The weather was warm but not hot, with no wind and no rain as the Bureau of Land Management began its only Utah wild horse roundup of the year, the Blawn Wash gather to remove 140 horses from where no one wants them: state land.

No horses were injured and not one of the 20 spectators watching from a hill above the corral threw a punch.

"It's going great," said Gus Warr, the Utah BLM's wild horse and burro manager who played host to the spectators as 45 horses were herded by helicopter into a corral and taken off the range in trucks. The horses came out of the Wah Wahs' juniper-covered hills and washes in four groups, over several hours.

"The weather is cooperating. The horses are cooperating," Warr said.

He could have said the same for rancher Mark Wintch, whose fifth-generation ranch in the Wah Wah Valley could be seen in the distance, and Ellie Price, the founder of Montgomery Creek Preserve for wild horses north of Sacramento and an advocate with the American Wild Horse Preservation Campaign (AWHPC).

The two are on opposite sides of the debate over which animals should have priority on the public range, and they spent considerable time Monday discussing their points of view with Warr and each other.

Ranchers and county commissioners in southern Utah have been demanding the BLM remove far more horses; Wintch is part of a rancher group suing the BLM. Wild horse advocates have been pressing for reduced livestock numbers and for BLM to make greater use of birth control to manage horse herds.

The agency concedes it has twice as many wild horses, 3,979 in Utah as of March, as its own target levels allow. But the agency is running out of long-term pastures for the horses it cannot adopt out. It's the same story in the nine other states with wild horses.

Wintch, who brought three of his children to Monday's roundup, said he'll have to spend $200,000 or $300,000 next winter to buy hay to replace the pasture alfalfa his cows and calves are eating now. They should be grazing on School and Institutional Trust Lands (SITLA) he leases in Blawn Wash, but drought and horses have taken that feed, he said.

Wintch and Warr told Price and Caroline Kraus, also with the AWHPC from California, that wild horses thrive on Utah's southwest desert in part because of the water features — pipes, ponds and tanks — that ranchers build and maintain.

"We don't want 'em all gone either," Wintch told Price. "We're just asking for proper control." Livestock numbers are far lower than in decades past, he said.

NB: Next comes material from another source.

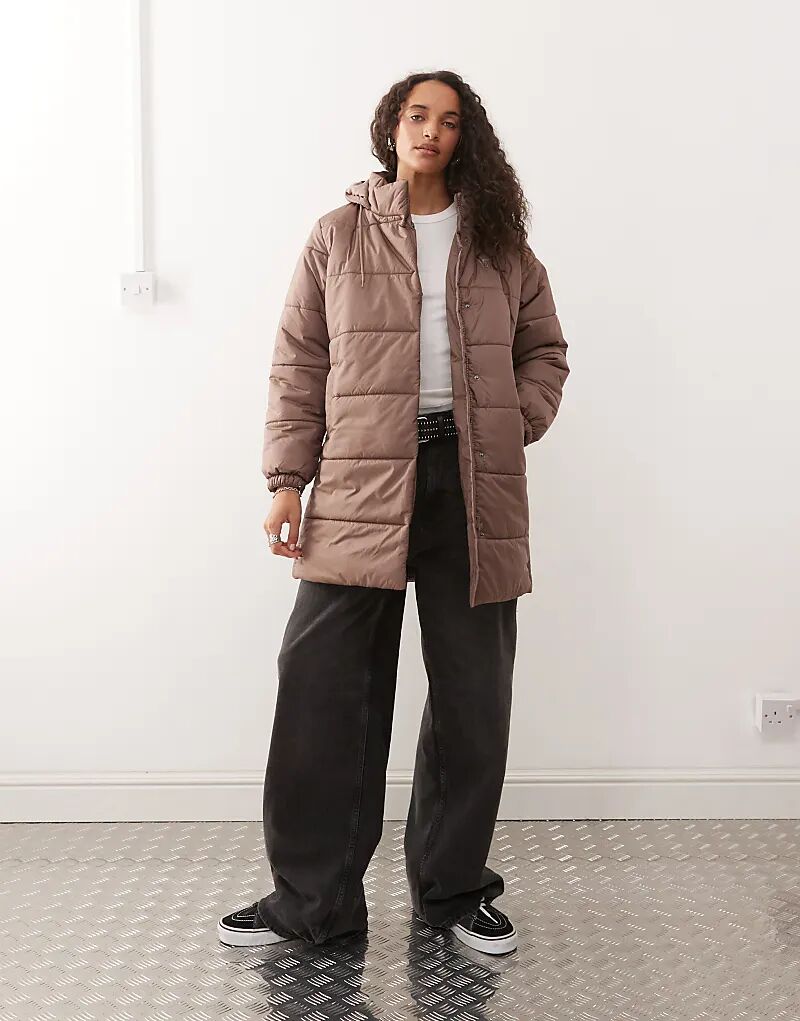 Длинная стеганая куртка Vans Mte Hillgate в темно-сером цвете
Длинная стеганая куртка Vans Mte Hillgate в темно-сером цвете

Price argued that the federal government needs a public lands plan that is fairer to the horses, especially because the American public favors wild horses over livestock.

"How can you blame the horses [for range degradation] when there are eight to 10 times more private livestock?" she asked.

Kraus said it may be that ranchers' water keeps horse herds growing. "But are we creating an environment that invites them and then blaming them for coming?"

As horses streamed into the corral, Kraus watched through a long camera lens and was circumspect.

"You're looking at horses that have completely lost their freedom," she said.

Kelly Jay of Tooele, who frequently photographs the Onaqui wild horse herd near Dugway, said it broke her heart Monday to see horse bands broken up.

"People say they're just dumb horses, but they're family units. They actually love each other," Jay said.

Linda and Mike Sandston of Leeds were surprised by the condition of the horses, given the scarce grass on the desert.

"I didn't expect them to be as beautiful and healthy," Linda Sandston said.

Many of the horses were rated a "4" or "5" by the wranglers moving them into trucks, meaning the horses were considered in good health.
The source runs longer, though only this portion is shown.